🤖 AI Summary
Existing pruning methods for LLM edge deployment and large-scale inference face critical limitations: width pruning disrupts standard Transformer architecture, while depth pruning causes sharp accuracy degradation.
Method: We propose the first unified framework jointly compressing the rare vocabulary and pruning FFN channels. Our approach dynamically assesses token and channel importance via co-occurring word weights, enabling adaptive, training-free, vocabulary-level and width-wise pruning. It further employs weighted-activation-driven channel pruning at FFN intermediate layers—requiring no fine-tuning or custom inference code and fully preserving compatibility with standard Transformer implementations.

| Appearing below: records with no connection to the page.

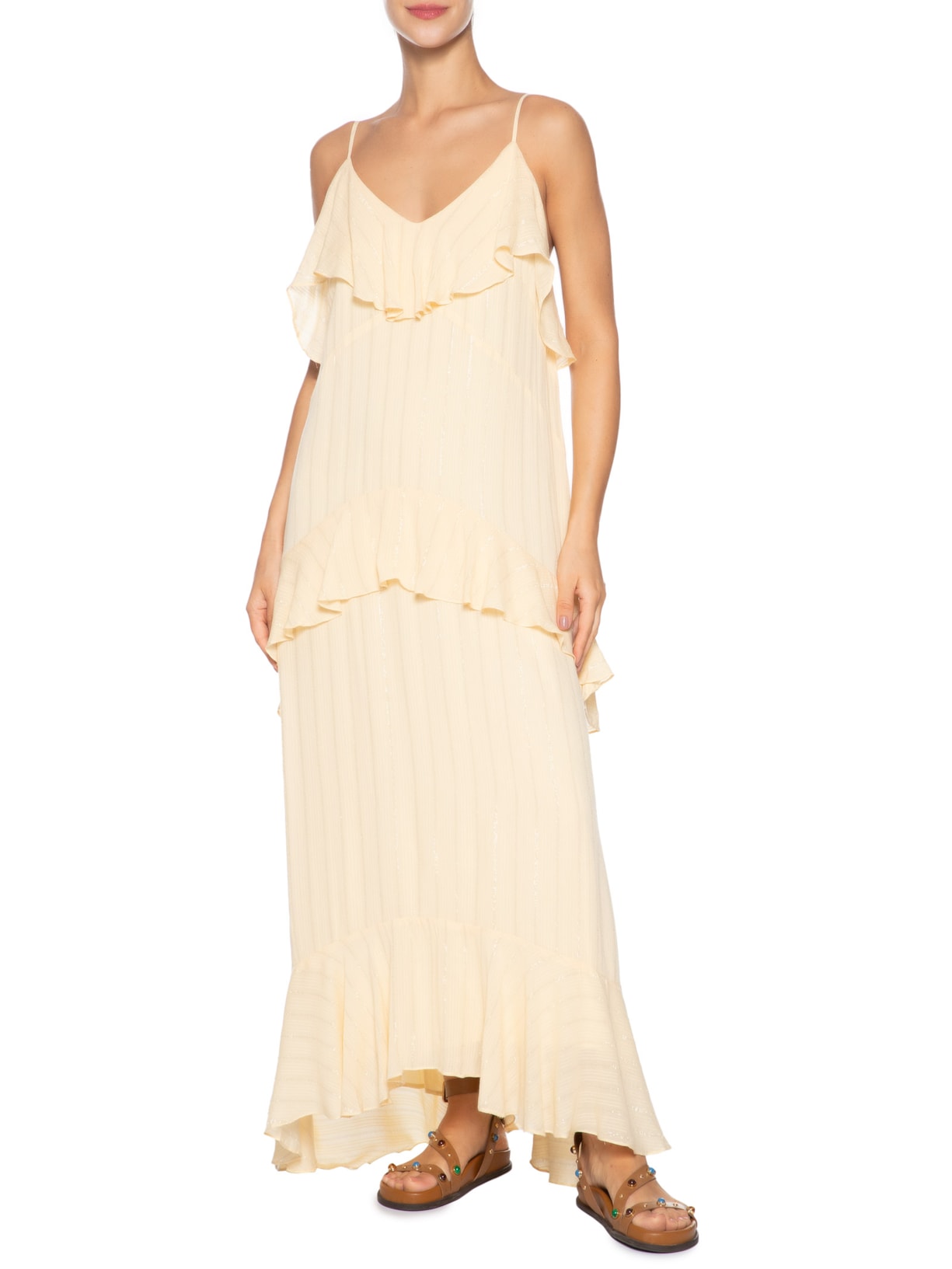 Vestido Longo Lurex Babados Amarelo Dress To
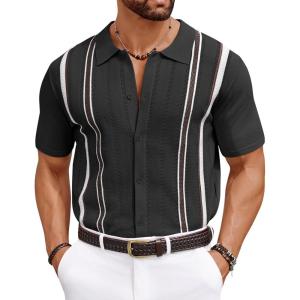 imageCOOFANDY Knit Shirts for Men Casual Short Sleeve Button Down Shirts Summer Beach Stretch Fit Collared ShirtsBlack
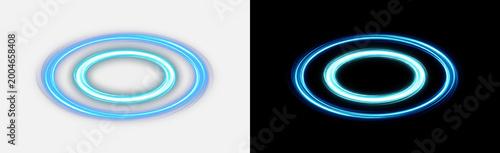 Blue neon glowing ring portal isolated on transparent background, electric cyan circle halo with inner glow, sci-fi energy vortex HUD effect overlay PNG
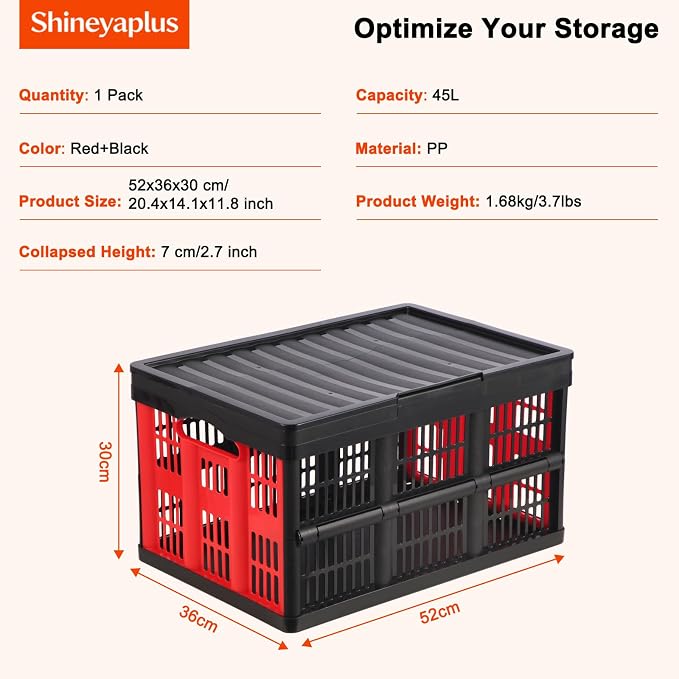45L Collapsible Storage Bins with Lids, | Heavy Duty Foldable Storage Crates with Handles, 55 lbs Capacity, Storage Bins for Garage, Camping, Grocery & Outdoor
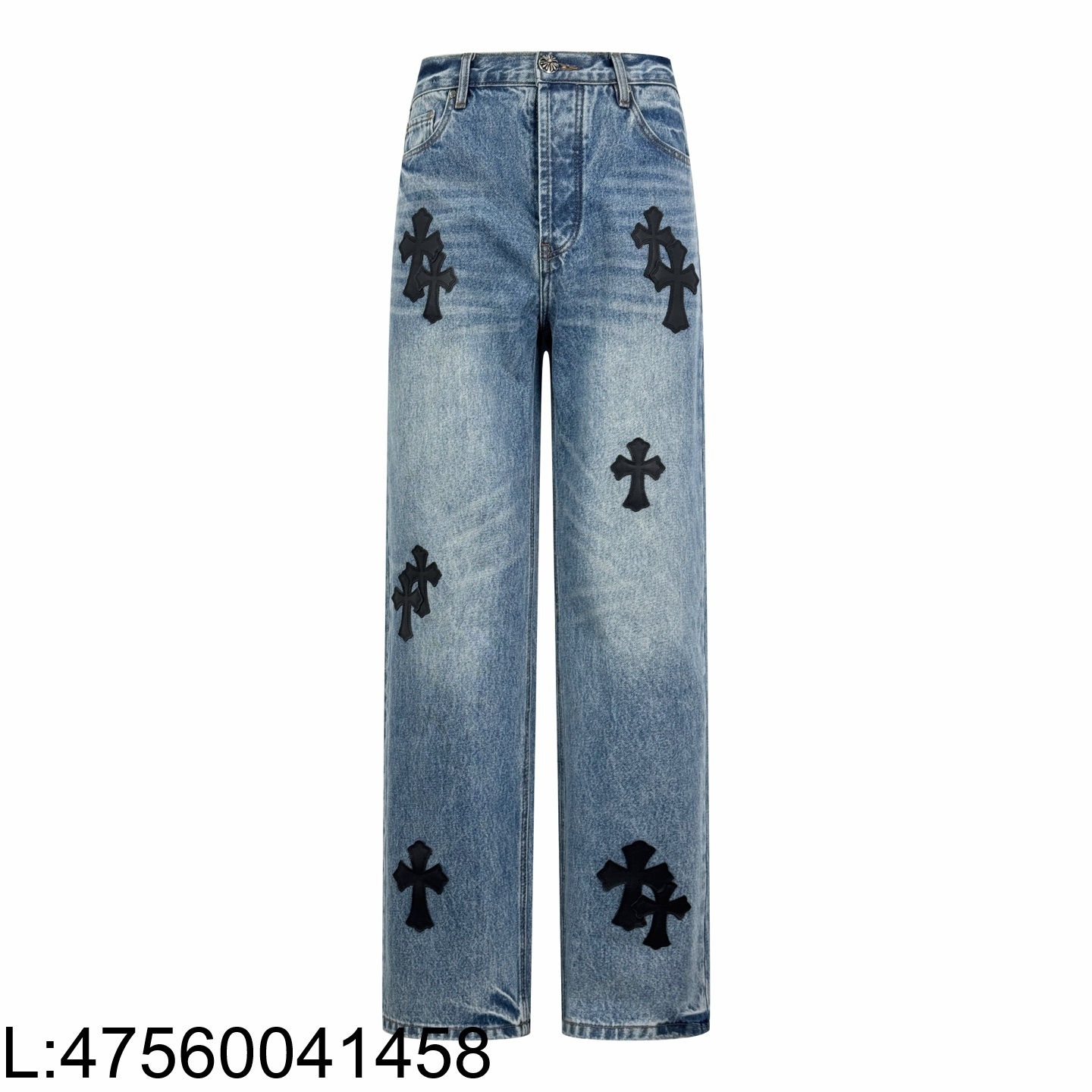[잔디집2] 크롬하츠 블랙 십자가 워싱 청바지 라이트 블루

Results: Evaluated on Qwen, LLaMA, and Gemma (0.5B–70B), our method significantly reduces parameter count, GPU memory footprint, and end-to-end latency, while matching or outperforming state-of-the-art pruning methods on downstream tasks. It achieves superior deployment efficiency without compromising accuracy stability.
📝 Abstract
Making LLMs more efficient in memory, latency, and serving cost is crucial for edge deployment, interactive applications, and sustainable inference at scale. Pruning is a key technique toward this goal. However, prior pruning methods are limited: width pruning often breaks the standard transformer layout or requires custom inference code, while depth pruning removes entire layers and can cause abrupt accuracy drops. In this work, we propose COMPACT, which jointly (i) prunes rare vocabulary to shrink embedding/unembedding and (ii) prunes FFN intermediate channels using common-token-weighted activations, aligning importance with the post-pruning token distribution. COMPACT enjoys merits of both depth and width pruning, such as: deployment-friendliness (keeps a standard transformer architecture), scale-adaptivity (trade off vocab vs. FFN pruning), training-free operation with competitive pruning time, and strong memory savings alongside throughput gains. Experiments across Qwen, LLaMA, and Gemma families (0.5B-70B) show state-of-the-art downstream task performance at similar or higher pruning ratios, with substantial reductions in parameters, GPU memory, and end-to-end latency.